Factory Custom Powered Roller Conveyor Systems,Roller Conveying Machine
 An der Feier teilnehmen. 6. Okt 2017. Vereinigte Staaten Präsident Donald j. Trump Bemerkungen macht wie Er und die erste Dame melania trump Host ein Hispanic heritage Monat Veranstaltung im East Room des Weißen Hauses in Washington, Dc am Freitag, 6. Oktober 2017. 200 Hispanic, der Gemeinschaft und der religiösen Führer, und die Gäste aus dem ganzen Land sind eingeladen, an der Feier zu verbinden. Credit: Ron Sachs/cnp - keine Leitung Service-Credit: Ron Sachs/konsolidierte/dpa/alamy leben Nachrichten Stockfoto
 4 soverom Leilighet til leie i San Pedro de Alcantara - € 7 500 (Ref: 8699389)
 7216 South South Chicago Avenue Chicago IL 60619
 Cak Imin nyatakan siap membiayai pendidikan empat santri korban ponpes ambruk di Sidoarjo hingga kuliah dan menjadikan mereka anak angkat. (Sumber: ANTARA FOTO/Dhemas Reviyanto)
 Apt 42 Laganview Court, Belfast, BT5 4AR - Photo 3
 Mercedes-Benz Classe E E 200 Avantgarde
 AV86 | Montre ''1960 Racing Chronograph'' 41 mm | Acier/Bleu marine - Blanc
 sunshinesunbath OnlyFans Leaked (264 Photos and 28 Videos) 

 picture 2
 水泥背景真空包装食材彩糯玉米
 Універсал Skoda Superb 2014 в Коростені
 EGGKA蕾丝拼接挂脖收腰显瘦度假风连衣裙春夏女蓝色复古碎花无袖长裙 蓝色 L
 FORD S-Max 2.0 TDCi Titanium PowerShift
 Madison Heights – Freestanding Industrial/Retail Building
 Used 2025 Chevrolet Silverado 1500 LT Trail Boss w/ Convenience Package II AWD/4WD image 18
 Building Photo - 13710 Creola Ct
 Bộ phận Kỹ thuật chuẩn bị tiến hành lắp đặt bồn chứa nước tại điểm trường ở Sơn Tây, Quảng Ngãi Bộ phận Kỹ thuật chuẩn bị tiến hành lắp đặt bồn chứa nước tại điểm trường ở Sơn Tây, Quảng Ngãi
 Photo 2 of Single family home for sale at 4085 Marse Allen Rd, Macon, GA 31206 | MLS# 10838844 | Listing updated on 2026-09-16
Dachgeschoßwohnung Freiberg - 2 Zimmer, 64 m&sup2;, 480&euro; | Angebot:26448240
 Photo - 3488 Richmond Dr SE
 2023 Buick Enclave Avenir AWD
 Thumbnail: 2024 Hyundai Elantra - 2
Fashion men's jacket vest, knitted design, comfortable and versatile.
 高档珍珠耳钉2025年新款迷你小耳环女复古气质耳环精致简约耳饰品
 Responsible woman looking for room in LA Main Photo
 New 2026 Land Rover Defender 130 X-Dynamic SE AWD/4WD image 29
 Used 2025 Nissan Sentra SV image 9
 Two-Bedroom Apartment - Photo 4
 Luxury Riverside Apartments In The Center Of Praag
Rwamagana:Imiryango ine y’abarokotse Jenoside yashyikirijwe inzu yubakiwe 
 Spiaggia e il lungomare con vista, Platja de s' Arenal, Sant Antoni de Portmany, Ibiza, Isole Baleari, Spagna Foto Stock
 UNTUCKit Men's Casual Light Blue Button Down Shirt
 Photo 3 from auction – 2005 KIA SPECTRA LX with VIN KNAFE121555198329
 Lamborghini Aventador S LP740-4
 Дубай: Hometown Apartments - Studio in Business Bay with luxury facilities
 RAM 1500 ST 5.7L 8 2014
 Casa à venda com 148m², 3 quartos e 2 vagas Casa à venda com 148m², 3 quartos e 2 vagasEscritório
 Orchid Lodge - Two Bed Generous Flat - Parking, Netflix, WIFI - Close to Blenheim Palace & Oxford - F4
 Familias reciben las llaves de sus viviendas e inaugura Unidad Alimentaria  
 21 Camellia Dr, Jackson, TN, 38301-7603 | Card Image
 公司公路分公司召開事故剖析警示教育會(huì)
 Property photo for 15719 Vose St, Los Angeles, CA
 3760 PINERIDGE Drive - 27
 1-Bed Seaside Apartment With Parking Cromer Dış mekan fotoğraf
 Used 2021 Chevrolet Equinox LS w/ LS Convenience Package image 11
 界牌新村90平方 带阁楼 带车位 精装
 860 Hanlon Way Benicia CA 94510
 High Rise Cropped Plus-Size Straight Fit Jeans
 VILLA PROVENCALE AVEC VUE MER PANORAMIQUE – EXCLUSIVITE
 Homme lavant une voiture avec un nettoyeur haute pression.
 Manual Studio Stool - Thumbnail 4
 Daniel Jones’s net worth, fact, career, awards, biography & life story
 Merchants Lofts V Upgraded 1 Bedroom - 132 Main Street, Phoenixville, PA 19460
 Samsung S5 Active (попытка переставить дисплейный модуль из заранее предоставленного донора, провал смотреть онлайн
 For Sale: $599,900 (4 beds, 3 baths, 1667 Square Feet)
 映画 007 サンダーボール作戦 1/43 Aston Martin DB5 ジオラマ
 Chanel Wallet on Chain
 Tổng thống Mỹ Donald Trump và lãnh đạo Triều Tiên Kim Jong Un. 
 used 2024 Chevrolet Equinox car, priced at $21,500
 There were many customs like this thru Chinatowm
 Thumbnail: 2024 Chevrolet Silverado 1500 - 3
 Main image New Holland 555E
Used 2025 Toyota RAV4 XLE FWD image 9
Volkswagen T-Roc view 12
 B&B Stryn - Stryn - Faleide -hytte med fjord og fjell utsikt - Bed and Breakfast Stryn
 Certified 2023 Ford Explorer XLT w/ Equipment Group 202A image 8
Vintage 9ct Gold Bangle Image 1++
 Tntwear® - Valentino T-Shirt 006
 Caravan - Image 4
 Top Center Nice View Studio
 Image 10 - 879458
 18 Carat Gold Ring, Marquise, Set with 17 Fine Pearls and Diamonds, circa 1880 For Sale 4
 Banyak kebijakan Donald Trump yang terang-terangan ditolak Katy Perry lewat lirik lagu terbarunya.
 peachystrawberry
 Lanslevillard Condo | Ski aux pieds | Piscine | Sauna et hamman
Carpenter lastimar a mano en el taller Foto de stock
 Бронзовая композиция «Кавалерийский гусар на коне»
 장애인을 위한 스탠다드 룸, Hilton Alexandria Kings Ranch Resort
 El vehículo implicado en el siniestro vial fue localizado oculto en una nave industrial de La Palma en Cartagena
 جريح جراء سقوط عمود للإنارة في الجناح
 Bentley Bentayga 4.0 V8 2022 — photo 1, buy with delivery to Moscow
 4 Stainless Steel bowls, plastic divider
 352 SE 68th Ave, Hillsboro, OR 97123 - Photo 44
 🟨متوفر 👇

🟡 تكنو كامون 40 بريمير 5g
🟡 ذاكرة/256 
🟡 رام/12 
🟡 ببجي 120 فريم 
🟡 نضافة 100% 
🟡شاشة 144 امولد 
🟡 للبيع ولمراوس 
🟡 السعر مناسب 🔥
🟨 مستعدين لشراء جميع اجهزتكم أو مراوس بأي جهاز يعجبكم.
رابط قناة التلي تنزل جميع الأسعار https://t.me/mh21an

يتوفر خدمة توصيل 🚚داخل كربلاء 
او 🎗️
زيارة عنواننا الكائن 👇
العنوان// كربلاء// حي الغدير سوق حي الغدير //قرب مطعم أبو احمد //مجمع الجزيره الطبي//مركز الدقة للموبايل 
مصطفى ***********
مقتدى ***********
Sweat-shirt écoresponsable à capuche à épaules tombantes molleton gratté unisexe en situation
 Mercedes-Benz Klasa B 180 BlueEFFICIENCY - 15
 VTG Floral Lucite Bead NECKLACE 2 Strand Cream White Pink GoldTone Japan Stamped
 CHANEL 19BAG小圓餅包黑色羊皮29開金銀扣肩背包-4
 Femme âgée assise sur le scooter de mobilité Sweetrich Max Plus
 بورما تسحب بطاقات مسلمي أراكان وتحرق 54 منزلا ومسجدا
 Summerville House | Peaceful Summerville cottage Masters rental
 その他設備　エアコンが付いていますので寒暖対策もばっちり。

WORK TASK
Pick out, from the lines above, every one that contains the string "Studio".

ANSWER FOR THIS EXERCISE
 Дубай: Hometown Apartments - Studio in Business Bay with luxury facilities
 Manual Studio Stool - Thumbnail 4
 Top Center Nice View Studio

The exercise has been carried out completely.